*What you need to do*:
Transcribe the listing verbatim. Do not carry over any pictures.

*Provided entries*:
● ● ● ●

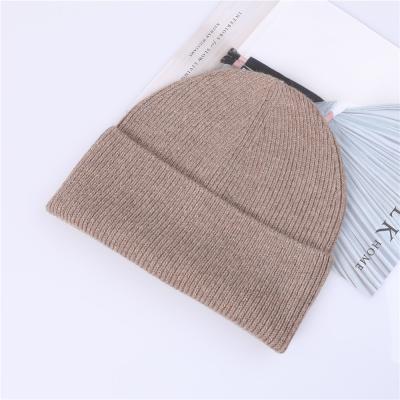 China COMMON Fashion Plain Winter Hat Wool Knit Beanies With Custom Embroidery For Adult for sale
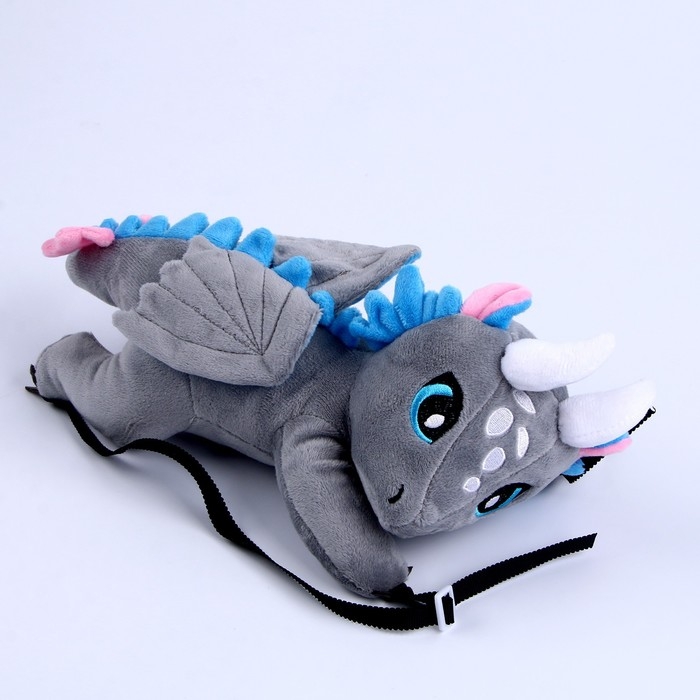 Мягкая игрушка-конфетница «Дракон большой», серый, 20 × 18 см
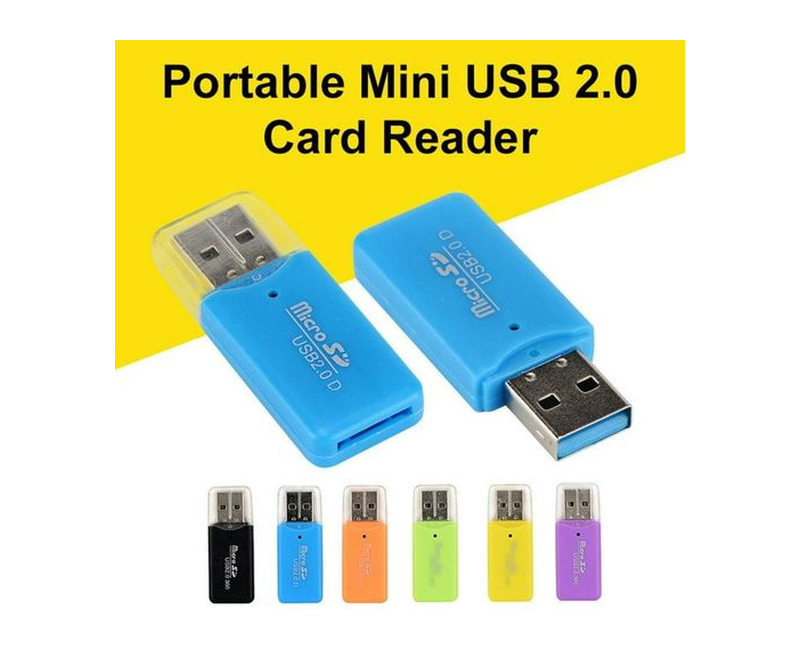 Mini Portable Micro SD USB 2.0 TF Memory Card Reader For PC Laptop Computer-White,Black,Blue,Orange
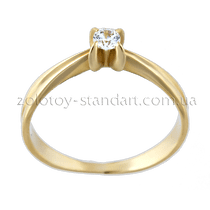 обзорное фото Золотое кольцо с фианитом 140485 Золотые кольца для помолвки с цирконием обзорное фото Золотое кольцо с фианитом 140485  Золотые кольца для помолвки с цирконием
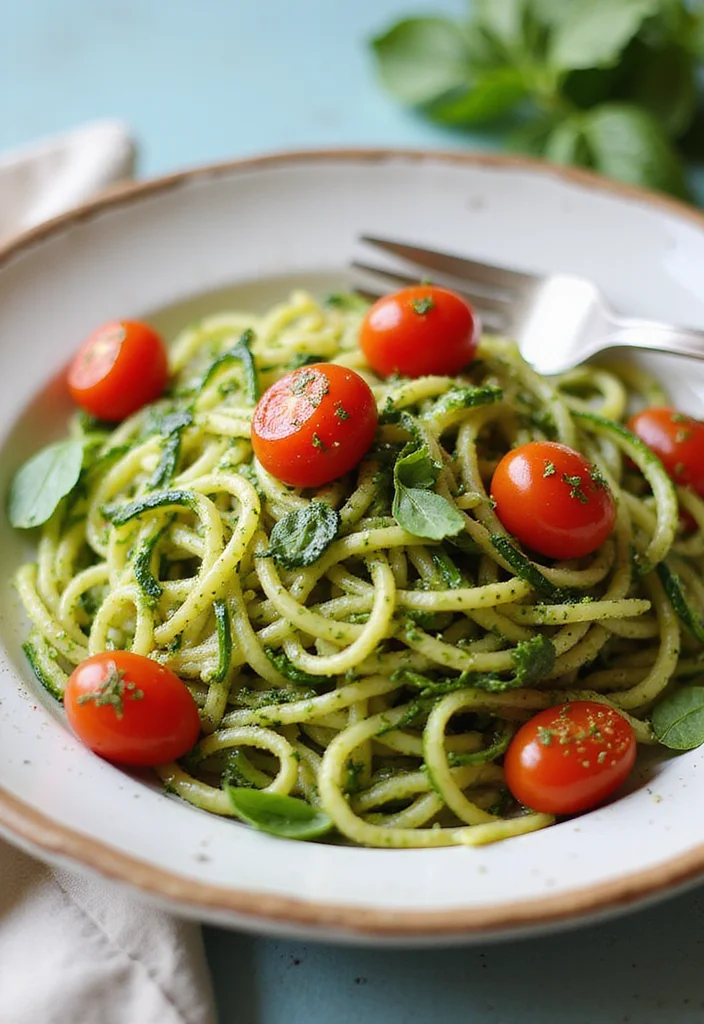 12 Easy Dinner Recipes Ready in Under 30 Minutes - 10. Pesto Zucchini Noodles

● ● ● ●

*Answer area*:
 China COMMON Fashion Plain Winter Hat Wool Knit Beanies With Custom Embroidery For Adult for sale
 Мягкая игрушка-конфетница «Дракон большой», серый, 20 × 18 см
 Mini Portable Micro SD USB 2.0 TF Memory Card Reader For PC Laptop Computer-White,Black,Blue,Orange
 обзорное фото Золотое кольцо с фианитом 140485 Золотые кольца для помолвки с цирконием обзорное фото Золотое кольцо с фианитом 140485  Золотые кольца для помолвки с цирконием
 12 Easy Dinner Recipes Ready in Under 30 Minutes - 10. Pesto Zucchini Noodles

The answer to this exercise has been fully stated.